The distinct culture and historical—and equally breathtaking—landmarks native to New York City, such as the Empire State Building, the One World Trade Center, and the 9/11 Memorial make a trip to the state bucket list-worthy.
Theologian and philosopher Augustus of Hippo once said “the world is a book and those who do not travel read only one page.”
This is the mentality I have adopted and with the opportunity to spend my birthday in NYC, it didn’t take much convincing.
Some have asked me, why New York?
That question has always been easy for me to answer; I find it rich in diversity, cuisine, and more importantly, history.
Nathan Blansett of the Huffington Post calls it “a place of endless opportunity and acceptance.”
On my first day in New York, I found myself gazing out at the bustling, cluttered city from the 86th floor of the Empire State Building, which is just 16 floors from the top.
A combination of tiny, yellow taxis, skyscrapers as far as the eye can see, and of course the elevation, made for a breathtaking view like no other.
The construction of the Empire State Building began on March 17, 1930, and was officially opened about a year later on May 1, 1931, according to esbnyc.com.
The building stands at an incredible 1,250 feet tall and according to CNN.com, “took more than 7 million man hours” to build.
There was not a chance I’d miss the opportunity to see the Statue of Liberty, so you can guess which landmark was next on the itinerary.
Although much smaller in person than I had anticipated, the statue is mighty when it comes to symbolism; nps.gov calls it “a universal symbol of freedom and democracy.”
As an American, the statue is arguably one of the most iconic signifiers of our country, which is reason enough to visit.

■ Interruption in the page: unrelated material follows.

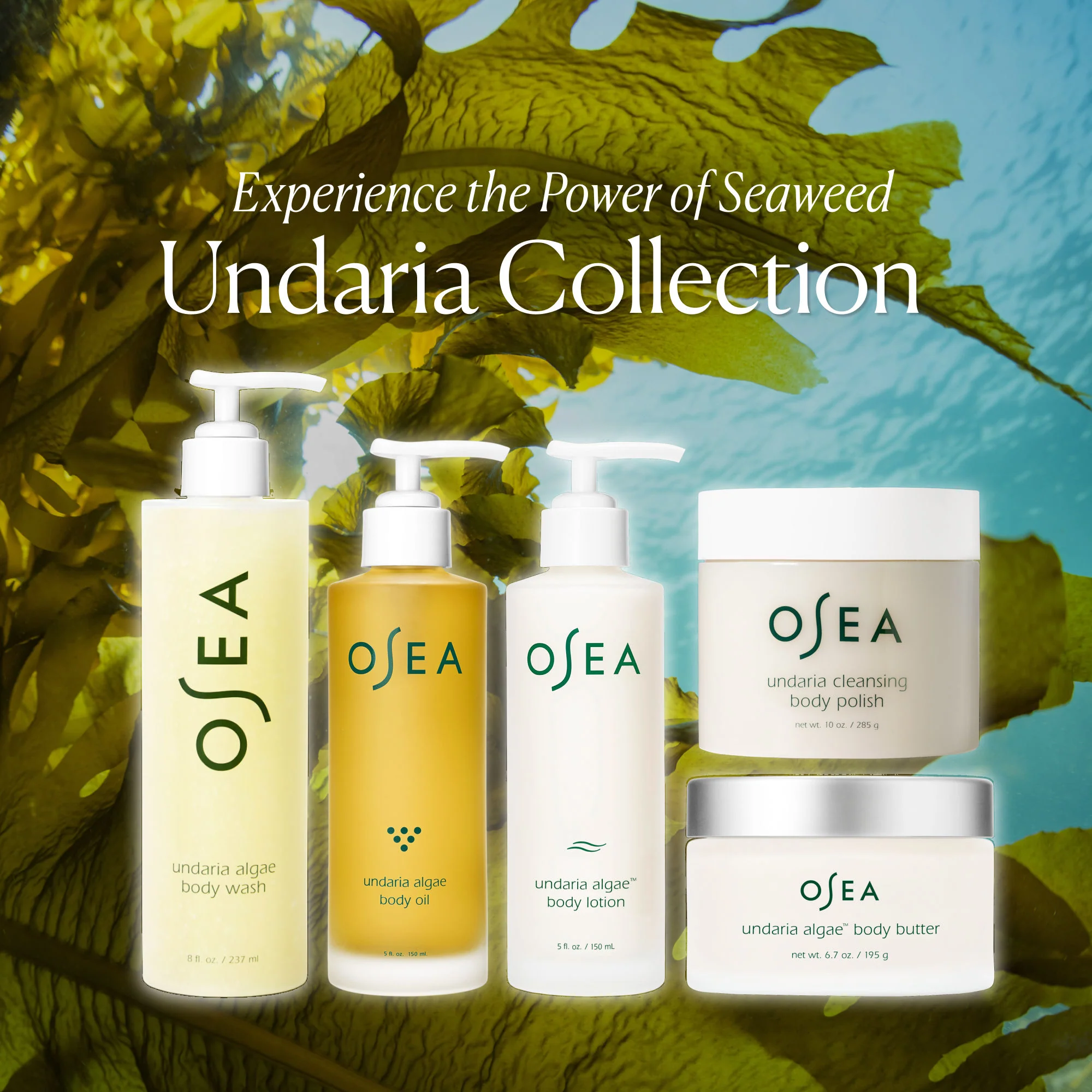 Undaria Algae Body Butter - Image 20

I also made a point to visit what USA Today author, Nancy Trejos, calls “the tallest building in New York, and one of the tallest in the world,” Manhattan’s one and only One World Trade Center.
The center, sometimes referred to as the Freedom Tower, stands at a whopping 1,776 feet, acting not only as a symbol of resilience after the tragedy of 9/11, but also a symbol of architectural advancement.
Just beside the center sit two strikingly large, tranquil, and beautiful memorial pools, which are part of the 9/11 Memorial.
According to 911memorial.org, “the names of every person who died in the terrorists attacks of February 26, 1993, and September 11, 2001 are inscribed in bronze around the twin memorial pools.”
It is both humbling and saddening to walk along these memorial pools, running your fingers over each name, and truly understanding the magnitude of how many lives were taken.
If there’s one thing I’ve taken from travel, and more specifically travel to some of New York’s historical landmarks, it’s that journeying to new places plays a large role in instilling a sense of humility, compassion, and perhaps most importantly, humanity.